RECORDS SUPPLIED:
::::::::

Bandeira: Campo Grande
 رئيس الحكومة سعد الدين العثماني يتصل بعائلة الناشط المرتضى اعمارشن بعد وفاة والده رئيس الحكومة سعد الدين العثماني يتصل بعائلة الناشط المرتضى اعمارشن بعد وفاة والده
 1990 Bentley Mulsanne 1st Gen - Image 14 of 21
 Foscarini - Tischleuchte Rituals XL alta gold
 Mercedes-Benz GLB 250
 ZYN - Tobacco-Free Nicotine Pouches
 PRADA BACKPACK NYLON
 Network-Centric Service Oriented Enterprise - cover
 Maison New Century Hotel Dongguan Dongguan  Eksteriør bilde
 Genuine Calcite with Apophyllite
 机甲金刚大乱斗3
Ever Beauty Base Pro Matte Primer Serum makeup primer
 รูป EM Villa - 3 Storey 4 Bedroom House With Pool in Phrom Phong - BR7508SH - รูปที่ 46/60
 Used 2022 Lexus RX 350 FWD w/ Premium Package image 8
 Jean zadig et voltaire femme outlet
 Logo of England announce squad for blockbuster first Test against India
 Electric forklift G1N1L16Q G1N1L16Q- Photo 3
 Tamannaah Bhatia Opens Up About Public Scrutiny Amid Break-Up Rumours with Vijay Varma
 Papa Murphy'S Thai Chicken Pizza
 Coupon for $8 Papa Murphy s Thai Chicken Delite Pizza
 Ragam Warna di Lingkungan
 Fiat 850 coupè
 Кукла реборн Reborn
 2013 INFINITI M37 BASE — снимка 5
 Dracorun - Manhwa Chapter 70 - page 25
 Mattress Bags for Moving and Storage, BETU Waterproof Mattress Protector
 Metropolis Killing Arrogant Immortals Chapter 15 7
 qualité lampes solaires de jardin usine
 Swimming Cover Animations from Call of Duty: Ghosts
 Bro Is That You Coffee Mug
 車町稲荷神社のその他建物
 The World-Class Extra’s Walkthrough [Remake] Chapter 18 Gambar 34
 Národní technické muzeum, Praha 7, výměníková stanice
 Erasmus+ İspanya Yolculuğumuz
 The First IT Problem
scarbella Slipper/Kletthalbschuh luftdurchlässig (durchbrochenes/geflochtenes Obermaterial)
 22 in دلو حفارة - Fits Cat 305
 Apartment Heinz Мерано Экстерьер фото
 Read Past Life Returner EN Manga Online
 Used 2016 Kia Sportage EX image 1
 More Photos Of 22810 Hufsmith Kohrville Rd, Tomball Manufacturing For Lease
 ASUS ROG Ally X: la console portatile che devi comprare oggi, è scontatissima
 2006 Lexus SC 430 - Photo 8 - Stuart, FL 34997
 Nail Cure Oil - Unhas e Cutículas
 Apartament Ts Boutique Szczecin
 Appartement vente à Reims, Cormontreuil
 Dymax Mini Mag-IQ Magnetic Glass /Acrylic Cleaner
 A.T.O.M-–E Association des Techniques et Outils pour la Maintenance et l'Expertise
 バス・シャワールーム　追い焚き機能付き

::::::::

WORK INSTRUCTION: Copy the lines above exactly, beginning at the line that has "Ever Beauty Base" and stopping after the line that has "Electric forklift G1N1L16Q G1N1L16Q- Photo 3", and omit the rest.

RESULT FOR THIS EXERCISE:
Ever Beauty Base Pro Matte Primer Serum makeup primer
 รูป EM Villa - 3 Storey 4 Bedroom House With Pool in Phrom Phong - BR7508SH - รูปที่ 46/60
 Used 2022 Lexus RX 350 FWD w/ Premium Package image 8
 Jean zadig et voltaire femme outlet
 Logo of England announce squad for blockbuster first Test against India
 Electric forklift G1N1L16Q G1N1L16Q- Photo 3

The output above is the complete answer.